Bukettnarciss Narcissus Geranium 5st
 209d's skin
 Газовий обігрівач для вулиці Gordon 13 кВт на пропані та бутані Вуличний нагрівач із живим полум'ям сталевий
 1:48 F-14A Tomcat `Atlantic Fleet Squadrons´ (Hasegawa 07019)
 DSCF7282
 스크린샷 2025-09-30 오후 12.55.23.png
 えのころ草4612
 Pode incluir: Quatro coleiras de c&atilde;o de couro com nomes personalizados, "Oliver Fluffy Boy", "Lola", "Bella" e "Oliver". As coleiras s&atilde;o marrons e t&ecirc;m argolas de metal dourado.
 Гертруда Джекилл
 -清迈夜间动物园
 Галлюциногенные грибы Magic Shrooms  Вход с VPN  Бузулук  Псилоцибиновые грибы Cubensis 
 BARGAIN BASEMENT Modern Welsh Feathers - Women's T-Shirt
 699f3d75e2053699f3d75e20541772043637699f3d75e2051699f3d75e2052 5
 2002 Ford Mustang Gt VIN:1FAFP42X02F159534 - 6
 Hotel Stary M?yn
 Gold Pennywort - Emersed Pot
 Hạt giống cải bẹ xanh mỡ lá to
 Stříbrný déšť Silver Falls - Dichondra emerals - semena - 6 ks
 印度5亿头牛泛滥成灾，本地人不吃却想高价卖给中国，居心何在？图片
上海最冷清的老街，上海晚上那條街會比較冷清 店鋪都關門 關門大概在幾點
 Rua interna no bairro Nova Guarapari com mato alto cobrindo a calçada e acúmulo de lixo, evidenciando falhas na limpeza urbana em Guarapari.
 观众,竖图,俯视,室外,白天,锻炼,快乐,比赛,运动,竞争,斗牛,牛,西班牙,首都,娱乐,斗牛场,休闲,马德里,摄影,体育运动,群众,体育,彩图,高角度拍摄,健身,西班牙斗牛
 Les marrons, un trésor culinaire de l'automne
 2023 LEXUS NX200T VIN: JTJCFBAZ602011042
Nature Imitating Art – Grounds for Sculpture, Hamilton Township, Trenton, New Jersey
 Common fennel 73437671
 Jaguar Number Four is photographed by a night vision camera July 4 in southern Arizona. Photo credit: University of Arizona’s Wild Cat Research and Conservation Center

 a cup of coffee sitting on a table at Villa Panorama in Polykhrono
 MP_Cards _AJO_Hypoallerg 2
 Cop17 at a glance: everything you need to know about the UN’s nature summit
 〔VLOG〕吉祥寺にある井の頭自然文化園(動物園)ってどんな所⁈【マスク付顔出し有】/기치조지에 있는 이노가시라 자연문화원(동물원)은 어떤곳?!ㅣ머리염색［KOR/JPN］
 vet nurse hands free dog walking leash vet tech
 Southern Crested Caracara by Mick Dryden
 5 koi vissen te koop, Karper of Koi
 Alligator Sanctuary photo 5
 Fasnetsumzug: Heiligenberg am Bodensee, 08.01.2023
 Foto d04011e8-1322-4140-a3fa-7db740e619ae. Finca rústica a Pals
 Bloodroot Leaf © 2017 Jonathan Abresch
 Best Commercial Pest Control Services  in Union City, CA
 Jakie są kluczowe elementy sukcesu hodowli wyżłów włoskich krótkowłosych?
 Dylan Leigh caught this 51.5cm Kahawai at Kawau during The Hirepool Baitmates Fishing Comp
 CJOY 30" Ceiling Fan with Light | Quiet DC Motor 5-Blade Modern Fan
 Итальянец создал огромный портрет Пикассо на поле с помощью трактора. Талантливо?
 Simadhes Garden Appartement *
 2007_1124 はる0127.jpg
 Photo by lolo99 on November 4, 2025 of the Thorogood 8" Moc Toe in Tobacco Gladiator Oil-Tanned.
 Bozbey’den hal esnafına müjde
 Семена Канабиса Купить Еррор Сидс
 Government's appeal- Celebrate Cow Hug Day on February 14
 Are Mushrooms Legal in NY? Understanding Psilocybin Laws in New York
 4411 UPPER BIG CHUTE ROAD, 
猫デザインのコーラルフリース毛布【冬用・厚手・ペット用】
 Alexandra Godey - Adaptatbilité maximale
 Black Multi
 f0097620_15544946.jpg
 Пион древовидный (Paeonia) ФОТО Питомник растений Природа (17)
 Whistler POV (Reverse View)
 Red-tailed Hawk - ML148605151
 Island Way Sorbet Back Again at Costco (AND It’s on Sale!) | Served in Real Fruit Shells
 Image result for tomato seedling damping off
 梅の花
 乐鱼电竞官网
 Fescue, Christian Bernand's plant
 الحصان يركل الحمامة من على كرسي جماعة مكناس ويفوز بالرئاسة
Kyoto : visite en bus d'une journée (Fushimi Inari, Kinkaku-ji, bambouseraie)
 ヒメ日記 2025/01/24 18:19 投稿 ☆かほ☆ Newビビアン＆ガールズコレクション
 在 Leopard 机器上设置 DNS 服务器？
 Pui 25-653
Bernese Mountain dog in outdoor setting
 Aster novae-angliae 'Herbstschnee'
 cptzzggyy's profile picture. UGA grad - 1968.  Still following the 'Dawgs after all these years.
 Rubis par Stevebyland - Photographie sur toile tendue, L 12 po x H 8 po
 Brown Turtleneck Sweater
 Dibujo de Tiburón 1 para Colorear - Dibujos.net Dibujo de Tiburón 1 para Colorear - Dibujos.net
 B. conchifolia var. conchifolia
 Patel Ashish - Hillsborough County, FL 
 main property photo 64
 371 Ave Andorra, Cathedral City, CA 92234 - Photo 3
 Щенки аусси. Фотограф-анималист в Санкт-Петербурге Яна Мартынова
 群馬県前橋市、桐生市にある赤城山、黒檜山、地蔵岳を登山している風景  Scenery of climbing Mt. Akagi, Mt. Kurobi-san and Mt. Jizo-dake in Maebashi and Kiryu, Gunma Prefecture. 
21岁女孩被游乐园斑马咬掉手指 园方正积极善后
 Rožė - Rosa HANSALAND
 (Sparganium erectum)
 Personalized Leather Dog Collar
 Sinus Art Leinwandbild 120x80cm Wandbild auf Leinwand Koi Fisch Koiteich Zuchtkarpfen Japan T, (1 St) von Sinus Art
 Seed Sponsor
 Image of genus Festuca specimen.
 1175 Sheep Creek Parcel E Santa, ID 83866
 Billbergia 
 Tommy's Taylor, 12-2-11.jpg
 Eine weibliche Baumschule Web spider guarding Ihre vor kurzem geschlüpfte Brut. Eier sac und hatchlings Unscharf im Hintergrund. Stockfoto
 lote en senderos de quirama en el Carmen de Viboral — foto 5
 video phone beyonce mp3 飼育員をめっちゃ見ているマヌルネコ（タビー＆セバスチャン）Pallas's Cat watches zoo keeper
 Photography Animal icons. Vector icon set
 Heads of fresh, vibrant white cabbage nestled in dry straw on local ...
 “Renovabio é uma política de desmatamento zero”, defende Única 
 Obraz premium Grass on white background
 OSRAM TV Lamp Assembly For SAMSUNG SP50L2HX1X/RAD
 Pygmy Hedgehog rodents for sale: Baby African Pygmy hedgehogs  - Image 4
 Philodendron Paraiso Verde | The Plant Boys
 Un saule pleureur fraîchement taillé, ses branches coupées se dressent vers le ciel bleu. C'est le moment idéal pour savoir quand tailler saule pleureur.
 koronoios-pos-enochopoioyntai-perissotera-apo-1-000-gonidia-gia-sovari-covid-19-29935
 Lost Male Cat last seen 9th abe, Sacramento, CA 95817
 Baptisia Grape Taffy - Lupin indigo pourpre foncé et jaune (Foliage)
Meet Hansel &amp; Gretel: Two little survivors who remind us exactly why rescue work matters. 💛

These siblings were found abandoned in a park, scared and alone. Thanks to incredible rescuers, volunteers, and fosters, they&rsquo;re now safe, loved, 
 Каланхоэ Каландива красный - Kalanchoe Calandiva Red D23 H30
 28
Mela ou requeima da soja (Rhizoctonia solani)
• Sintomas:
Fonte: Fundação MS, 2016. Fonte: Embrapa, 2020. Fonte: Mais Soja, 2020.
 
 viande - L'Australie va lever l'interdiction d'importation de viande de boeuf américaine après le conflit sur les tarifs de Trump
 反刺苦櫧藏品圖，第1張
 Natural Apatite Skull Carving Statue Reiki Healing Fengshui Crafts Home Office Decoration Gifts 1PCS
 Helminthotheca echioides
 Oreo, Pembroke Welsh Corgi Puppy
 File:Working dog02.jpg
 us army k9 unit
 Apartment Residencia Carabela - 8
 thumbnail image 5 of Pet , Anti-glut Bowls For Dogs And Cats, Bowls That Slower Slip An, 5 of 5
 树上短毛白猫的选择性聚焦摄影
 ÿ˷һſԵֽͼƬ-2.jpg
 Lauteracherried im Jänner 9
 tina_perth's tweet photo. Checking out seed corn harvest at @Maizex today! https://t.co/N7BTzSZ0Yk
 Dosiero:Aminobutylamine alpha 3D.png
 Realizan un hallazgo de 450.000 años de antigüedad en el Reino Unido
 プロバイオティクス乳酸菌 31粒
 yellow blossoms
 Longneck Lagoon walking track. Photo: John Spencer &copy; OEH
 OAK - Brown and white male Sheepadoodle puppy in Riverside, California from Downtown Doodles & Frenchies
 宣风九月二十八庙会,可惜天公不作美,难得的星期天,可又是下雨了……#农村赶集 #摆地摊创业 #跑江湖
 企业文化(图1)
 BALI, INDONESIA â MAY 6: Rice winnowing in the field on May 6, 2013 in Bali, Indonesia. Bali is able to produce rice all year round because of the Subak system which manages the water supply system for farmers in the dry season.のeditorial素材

ACTIVITY:
In the listing above, locate the line containing "Les marrons, un" and the line containing "Bloodroot Leaf © 2017 Jonathan Abresch". Extract those two lines and every line between them, exactly as written, and only those.

SOLUTION FOR THIS EXERCISE:
 Les marrons, un trésor culinaire de l'automne
 2023 LEXUS NX200T VIN: JTJCFBAZ602011042
Nature Imitating Art – Grounds for Sculpture, Hamilton Township, Trenton, New Jersey
 Common fennel 73437671
 Jaguar Number Four is photographed by a night vision camera July 4 in southern Arizona. Photo credit: University of Arizona’s Wild Cat Research and Conservation Center

 a cup of coffee sitting on a table at Villa Panorama in Polykhrono
 MP_Cards _AJO_Hypoallerg 2
 Cop17 at a glance: everything you need to know about the UN’s nature summit
 〔VLOG〕吉祥寺にある井の頭自然文化園(動物園)ってどんな所⁈【マスク付顔出し有】/기치조지에 있는 이노가시라 자연문화원(동물원)은 어떤곳?!ㅣ머리염색［KOR/JPN］
 vet nurse hands free dog walking leash vet tech
 Southern Crested Caracara by Mick Dryden
 5 koi vissen te koop, Karper of Koi
 Alligator Sanctuary photo 5
 Fasnetsumzug: Heiligenberg am Bodensee, 08.01.2023
 Foto d04011e8-1322-4140-a3fa-7db740e619ae. Finca rústica a Pals
 Bloodroot Leaf © 2017 Jonathan Abresch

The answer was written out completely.